I used to see a lot of movies when I was hanging out with movie buffs, but these days I get around to seeing very few (the box office slump is all my fault, I guess). If I'm really excited about a film, I'll usually see it on opening day. If I don't make it on opening day, I may never get around to seeing it. If I really wanted to see it but didn't quite make it on opening day for whatever reason, I might get to the theater the last week it's playing first run. Some movies I may try to catch at the dollar theater. Otherwise, I just wait for them to show up on HBO.
I finally dragged myself to see The Lion, the Witch and the Wardrobe yesterday. It was a movie I probably would have seen on opening day if that hadn't been the day after I got back from a trip to New York. Then I got caught up in the book and in life in general. I was afraid that this would be its last week, so I made a point of going, and now I'm glad I did. It's the rare case of the movie being better than the book, and since that's one of my all-time favorite books, that's saying something. The film managed to capture a lot of nuances lying on the fringe of the story that weren't actually in the book.
Really, that book is more of a transcription of an oral story than it is a real novel.

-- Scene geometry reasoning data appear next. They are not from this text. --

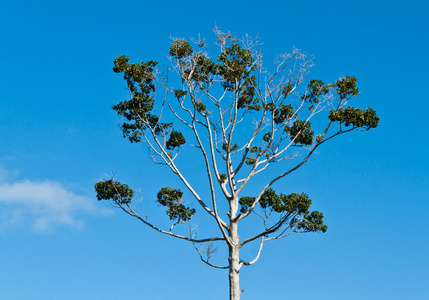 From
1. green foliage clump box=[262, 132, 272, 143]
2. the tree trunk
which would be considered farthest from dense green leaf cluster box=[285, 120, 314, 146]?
the tree trunk

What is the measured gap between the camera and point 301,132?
19.4 meters

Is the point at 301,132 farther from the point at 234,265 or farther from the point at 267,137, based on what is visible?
the point at 234,265

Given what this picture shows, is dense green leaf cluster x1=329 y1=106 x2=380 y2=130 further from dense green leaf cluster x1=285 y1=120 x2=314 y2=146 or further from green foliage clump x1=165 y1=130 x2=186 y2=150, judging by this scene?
green foliage clump x1=165 y1=130 x2=186 y2=150

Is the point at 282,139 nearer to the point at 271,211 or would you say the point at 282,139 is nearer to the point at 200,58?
the point at 271,211

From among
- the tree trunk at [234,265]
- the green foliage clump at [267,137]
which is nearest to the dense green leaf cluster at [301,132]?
the green foliage clump at [267,137]

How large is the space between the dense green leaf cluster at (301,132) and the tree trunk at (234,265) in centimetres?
430

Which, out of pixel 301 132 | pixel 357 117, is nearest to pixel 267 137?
pixel 301 132

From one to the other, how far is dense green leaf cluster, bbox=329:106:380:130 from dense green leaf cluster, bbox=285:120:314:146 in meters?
1.40

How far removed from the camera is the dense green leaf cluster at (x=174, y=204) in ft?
62.6

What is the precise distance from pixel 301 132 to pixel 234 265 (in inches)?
226

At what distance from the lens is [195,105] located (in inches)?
722

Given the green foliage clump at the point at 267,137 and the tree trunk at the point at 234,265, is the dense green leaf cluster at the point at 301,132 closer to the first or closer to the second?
the green foliage clump at the point at 267,137

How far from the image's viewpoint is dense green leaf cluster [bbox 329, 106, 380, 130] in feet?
58.6

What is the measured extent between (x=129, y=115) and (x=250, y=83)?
4.88 metres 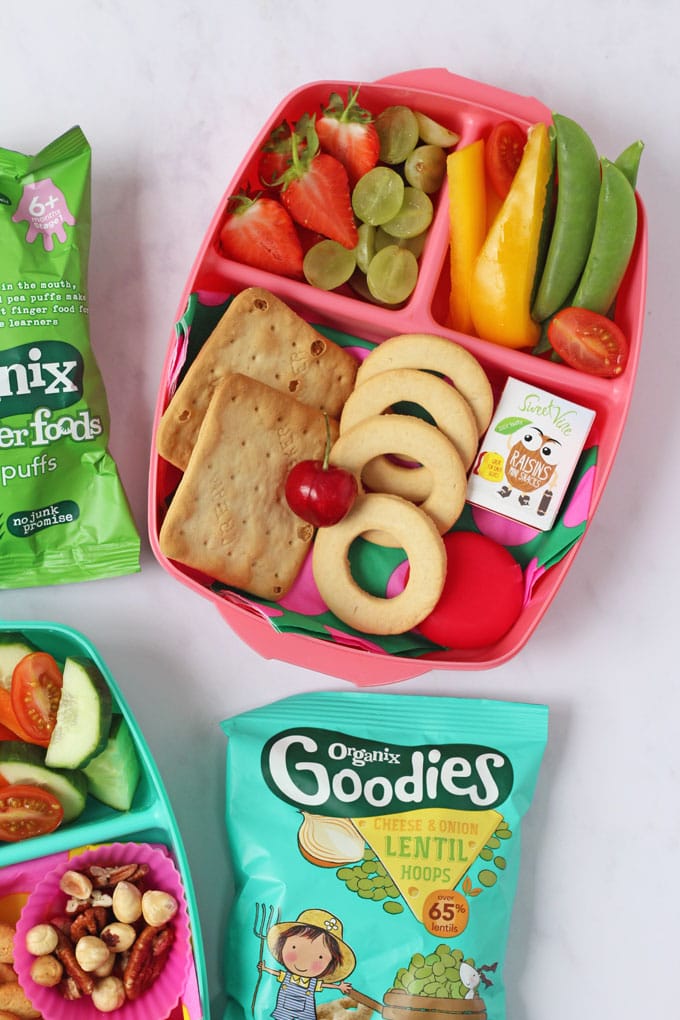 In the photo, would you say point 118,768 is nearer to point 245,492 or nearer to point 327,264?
point 245,492

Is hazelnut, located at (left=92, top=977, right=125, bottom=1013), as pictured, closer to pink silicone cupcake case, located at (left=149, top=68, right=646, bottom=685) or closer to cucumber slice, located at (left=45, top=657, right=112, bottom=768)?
cucumber slice, located at (left=45, top=657, right=112, bottom=768)

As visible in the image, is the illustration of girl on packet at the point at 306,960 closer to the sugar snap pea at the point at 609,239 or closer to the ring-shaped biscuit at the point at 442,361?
the ring-shaped biscuit at the point at 442,361

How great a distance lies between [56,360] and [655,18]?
3.55 feet

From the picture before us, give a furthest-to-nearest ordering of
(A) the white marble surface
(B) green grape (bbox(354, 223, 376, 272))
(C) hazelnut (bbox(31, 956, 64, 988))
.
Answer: (A) the white marble surface → (B) green grape (bbox(354, 223, 376, 272)) → (C) hazelnut (bbox(31, 956, 64, 988))

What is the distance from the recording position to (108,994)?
1.21 metres

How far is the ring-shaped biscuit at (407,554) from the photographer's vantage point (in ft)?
4.20

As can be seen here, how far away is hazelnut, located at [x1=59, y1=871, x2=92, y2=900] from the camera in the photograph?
1.23 meters

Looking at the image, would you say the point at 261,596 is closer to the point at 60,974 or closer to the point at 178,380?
the point at 178,380

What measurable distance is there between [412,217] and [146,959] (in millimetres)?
1084

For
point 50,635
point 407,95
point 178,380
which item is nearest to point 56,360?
point 178,380

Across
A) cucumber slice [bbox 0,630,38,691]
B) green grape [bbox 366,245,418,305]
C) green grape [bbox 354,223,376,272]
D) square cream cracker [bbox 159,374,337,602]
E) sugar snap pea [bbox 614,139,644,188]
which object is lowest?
cucumber slice [bbox 0,630,38,691]

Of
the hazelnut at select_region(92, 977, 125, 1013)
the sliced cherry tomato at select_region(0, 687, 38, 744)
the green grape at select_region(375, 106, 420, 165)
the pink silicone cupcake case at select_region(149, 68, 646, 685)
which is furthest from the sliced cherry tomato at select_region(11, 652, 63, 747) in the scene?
the green grape at select_region(375, 106, 420, 165)

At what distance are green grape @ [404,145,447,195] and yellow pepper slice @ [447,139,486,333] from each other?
0.09 ft

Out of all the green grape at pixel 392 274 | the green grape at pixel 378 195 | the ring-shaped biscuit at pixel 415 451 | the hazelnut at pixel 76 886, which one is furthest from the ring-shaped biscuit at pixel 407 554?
A: the hazelnut at pixel 76 886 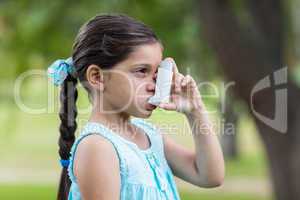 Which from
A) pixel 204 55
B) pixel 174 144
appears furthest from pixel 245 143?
pixel 174 144

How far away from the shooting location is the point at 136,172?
6.98 feet

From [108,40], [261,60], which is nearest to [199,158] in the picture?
[108,40]

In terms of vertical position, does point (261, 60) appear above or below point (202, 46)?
below

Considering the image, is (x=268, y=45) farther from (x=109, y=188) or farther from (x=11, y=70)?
(x=109, y=188)

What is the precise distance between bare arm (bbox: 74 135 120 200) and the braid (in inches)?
10.6

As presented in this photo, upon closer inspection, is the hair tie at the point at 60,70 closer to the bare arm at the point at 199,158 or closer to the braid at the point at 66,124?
the braid at the point at 66,124

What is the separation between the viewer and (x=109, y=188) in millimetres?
2051

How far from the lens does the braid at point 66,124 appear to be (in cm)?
235

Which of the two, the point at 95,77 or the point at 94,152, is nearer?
the point at 94,152

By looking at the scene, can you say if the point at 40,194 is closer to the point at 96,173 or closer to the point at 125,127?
the point at 125,127

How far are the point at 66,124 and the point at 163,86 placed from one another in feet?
1.29

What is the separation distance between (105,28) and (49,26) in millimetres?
5294

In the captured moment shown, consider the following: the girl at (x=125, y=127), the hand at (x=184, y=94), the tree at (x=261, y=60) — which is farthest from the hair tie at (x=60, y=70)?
the tree at (x=261, y=60)

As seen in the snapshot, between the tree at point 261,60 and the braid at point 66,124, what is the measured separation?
4218 millimetres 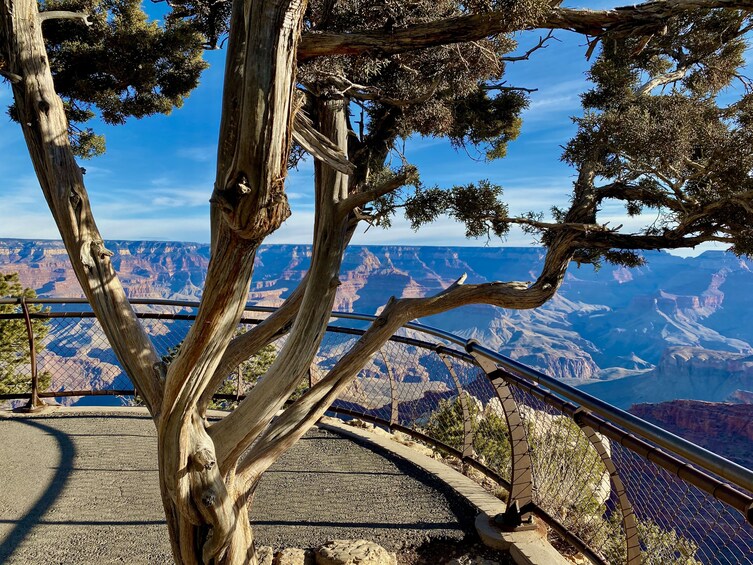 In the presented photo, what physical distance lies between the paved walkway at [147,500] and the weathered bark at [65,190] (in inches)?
54.1

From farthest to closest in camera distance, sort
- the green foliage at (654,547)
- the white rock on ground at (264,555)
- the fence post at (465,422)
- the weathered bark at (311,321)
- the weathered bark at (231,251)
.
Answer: the fence post at (465,422) → the green foliage at (654,547) → the white rock on ground at (264,555) → the weathered bark at (311,321) → the weathered bark at (231,251)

It reads like it's a bedtime story or a tale told by the fire on a rainy night. When you're telling a story out loud, you can't get too bogged down with details of introspection or elaborately choreographed battle scenes that would be in a novel. You tell just enough to create a picture in your listener's mind, and the listener's imagination fills in the rest. I re-read the book last night, and I was surprised by the number of things I vividly recalled from reading it as a child that weren't actually in the book. In a way, the movie fleshes out those details that are sketched over in the book. One of my favorite things about the movie is the way that it really uses the WWII setting. It's there in the book essentially as an excuse to get the children into a big, old, unfamiliar house, and Lewis makes no mention of how the war actually affects the kids, what they think or feel about it. It's up to your imagination (especially if you're a kid really into WWII who is living in Europe while reading the books and you have old bomb craters in your backyard) to realize that kids who are in the middle of a war at home, who are in such a dangerous situation that they have to be sent away for safety, are going to react in different ways to finding themselves in another world at war than other kids might. The movie really used that to great effect, with Peter (the oldest boy) noticing the soldiers at the train station, and you could tell he was realizing they weren't much older than he was. If the war lasted much longer, he'd be in it soon, himself. That then resonated in his willingness to fight in Narnia.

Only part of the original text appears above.